SOURCE RECORDS =
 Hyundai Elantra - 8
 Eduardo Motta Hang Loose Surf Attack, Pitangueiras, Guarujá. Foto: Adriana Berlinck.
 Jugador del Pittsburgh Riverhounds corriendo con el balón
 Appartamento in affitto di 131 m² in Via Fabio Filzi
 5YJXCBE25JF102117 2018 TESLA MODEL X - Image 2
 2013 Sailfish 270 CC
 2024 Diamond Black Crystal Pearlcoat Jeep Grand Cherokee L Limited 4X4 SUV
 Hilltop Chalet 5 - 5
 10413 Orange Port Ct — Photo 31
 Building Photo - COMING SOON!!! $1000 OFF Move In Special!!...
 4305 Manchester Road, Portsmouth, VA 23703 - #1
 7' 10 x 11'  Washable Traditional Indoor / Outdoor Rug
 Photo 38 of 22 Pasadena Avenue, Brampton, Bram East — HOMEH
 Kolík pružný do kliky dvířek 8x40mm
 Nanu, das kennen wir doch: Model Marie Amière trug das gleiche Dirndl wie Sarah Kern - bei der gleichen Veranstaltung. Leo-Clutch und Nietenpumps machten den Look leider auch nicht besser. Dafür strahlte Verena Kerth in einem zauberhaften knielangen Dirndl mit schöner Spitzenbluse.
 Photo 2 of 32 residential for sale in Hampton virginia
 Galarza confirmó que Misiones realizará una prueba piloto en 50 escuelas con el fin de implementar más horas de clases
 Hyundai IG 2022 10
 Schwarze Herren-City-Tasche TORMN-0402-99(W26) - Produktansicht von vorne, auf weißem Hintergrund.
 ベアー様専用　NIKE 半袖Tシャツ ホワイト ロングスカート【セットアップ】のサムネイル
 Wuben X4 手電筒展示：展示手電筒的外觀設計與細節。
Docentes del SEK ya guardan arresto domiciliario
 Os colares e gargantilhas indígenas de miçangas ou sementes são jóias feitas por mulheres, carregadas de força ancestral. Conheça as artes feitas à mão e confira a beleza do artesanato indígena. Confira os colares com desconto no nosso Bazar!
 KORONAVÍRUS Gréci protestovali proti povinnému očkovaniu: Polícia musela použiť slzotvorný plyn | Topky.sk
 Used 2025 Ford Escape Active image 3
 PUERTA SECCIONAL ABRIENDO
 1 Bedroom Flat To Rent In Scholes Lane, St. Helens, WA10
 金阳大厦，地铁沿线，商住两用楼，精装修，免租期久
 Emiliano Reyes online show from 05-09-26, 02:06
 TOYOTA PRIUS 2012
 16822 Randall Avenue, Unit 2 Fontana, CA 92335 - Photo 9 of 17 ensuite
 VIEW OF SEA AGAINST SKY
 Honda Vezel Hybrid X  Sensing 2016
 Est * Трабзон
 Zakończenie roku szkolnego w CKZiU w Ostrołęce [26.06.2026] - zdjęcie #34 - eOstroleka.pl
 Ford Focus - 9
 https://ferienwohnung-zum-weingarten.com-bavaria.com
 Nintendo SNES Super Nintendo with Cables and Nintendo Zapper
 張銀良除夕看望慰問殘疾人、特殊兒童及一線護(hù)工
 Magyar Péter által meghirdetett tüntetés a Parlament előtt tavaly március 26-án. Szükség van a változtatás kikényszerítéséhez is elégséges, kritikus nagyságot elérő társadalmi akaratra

TASK DESCRIPTION = Taking the entries above, print exactly the lines starting at the line with "Nanu, das kennen" and ending at the line with "ベアー様専用　NIKE 半袖Tシャツ ホワイト", both included.

ANSWER TO THIS PROBLEM =
 Nanu, das kennen wir doch: Model Marie Amière trug das gleiche Dirndl wie Sarah Kern - bei der gleichen Veranstaltung. Leo-Clutch und Nietenpumps machten den Look leider auch nicht besser. Dafür strahlte Verena Kerth in einem zauberhaften knielangen Dirndl mit schöner Spitzenbluse.
 Photo 2 of 32 residential for sale in Hampton virginia
 Galarza confirmó que Misiones realizará una prueba piloto en 50 escuelas con el fin de implementar más horas de clases
 Hyundai IG 2022 10
 Schwarze Herren-City-Tasche TORMN-0402-99(W26) - Produktansicht von vorne, auf weißem Hintergrund.
 ベアー様専用　NIKE 半袖Tシャツ ホワイト ロングスカート【セットアップ】のサムネイル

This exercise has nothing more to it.